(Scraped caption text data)
****************************************

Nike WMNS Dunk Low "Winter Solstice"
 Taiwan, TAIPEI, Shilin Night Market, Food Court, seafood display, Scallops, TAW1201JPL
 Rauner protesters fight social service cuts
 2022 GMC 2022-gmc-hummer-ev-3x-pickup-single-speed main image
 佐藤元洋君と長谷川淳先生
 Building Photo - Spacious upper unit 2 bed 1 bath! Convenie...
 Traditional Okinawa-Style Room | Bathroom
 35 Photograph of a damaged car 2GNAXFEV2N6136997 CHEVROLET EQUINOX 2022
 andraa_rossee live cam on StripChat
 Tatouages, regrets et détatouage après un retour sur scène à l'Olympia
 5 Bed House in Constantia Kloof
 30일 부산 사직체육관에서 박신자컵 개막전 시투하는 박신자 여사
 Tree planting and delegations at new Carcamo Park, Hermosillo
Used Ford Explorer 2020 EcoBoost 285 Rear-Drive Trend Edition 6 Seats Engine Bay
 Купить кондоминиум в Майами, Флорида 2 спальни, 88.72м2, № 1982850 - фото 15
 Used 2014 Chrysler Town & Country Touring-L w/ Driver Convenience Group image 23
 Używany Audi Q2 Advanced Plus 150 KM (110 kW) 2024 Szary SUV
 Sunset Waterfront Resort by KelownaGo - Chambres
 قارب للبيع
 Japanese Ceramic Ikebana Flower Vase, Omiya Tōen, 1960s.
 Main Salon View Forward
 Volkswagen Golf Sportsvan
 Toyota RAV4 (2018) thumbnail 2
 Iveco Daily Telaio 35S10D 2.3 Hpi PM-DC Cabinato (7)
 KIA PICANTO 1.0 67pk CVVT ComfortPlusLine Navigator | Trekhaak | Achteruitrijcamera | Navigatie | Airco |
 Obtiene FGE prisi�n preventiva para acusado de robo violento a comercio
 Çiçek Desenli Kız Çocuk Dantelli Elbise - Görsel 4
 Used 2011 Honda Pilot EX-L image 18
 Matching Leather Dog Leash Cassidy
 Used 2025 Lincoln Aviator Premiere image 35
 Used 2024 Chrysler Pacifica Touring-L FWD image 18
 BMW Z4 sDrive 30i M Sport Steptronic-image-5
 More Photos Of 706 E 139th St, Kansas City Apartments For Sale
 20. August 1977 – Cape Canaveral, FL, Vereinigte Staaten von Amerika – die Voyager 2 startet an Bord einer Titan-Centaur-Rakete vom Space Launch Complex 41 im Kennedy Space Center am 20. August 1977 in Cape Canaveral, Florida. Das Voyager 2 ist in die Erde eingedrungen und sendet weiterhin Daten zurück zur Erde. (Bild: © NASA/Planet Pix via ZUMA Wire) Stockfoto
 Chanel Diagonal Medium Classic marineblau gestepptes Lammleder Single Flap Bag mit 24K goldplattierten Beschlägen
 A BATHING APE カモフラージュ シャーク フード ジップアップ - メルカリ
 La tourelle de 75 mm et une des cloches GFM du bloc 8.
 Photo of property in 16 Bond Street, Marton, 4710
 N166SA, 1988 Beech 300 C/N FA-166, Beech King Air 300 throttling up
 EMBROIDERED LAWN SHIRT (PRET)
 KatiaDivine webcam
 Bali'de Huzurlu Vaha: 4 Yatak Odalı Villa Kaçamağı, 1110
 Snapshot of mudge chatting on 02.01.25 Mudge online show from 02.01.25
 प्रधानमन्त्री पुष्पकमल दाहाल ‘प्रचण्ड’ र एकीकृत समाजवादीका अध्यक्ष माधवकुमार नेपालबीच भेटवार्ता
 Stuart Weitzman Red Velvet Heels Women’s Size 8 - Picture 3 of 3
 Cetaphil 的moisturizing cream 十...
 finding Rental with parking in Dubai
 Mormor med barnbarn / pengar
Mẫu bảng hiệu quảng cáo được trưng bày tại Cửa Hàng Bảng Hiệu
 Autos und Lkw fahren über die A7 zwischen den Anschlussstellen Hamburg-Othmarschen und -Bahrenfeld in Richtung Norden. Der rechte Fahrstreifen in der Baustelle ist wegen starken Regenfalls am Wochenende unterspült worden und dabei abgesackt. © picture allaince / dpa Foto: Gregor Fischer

****************************************

*What to do:* From the records above, repeat exactly the lines from the one with "Used Ford Explorer" through the one with "Japanese Ceramic Ikebana", both included.

*Exercise output:*
Used Ford Explorer 2020 EcoBoost 285 Rear-Drive Trend Edition 6 Seats Engine Bay
 Купить кондоминиум в Майами, Флорида 2 спальни, 88.72м2, № 1982850 - фото 15
 Used 2014 Chrysler Town & Country Touring-L w/ Driver Convenience Group image 23
 Używany Audi Q2 Advanced Plus 150 KM (110 kW) 2024 Szary SUV
 Sunset Waterfront Resort by KelownaGo - Chambres
 قارب للبيع
 Japanese Ceramic Ikebana Flower Vase, Omiya Tōen, 1960s.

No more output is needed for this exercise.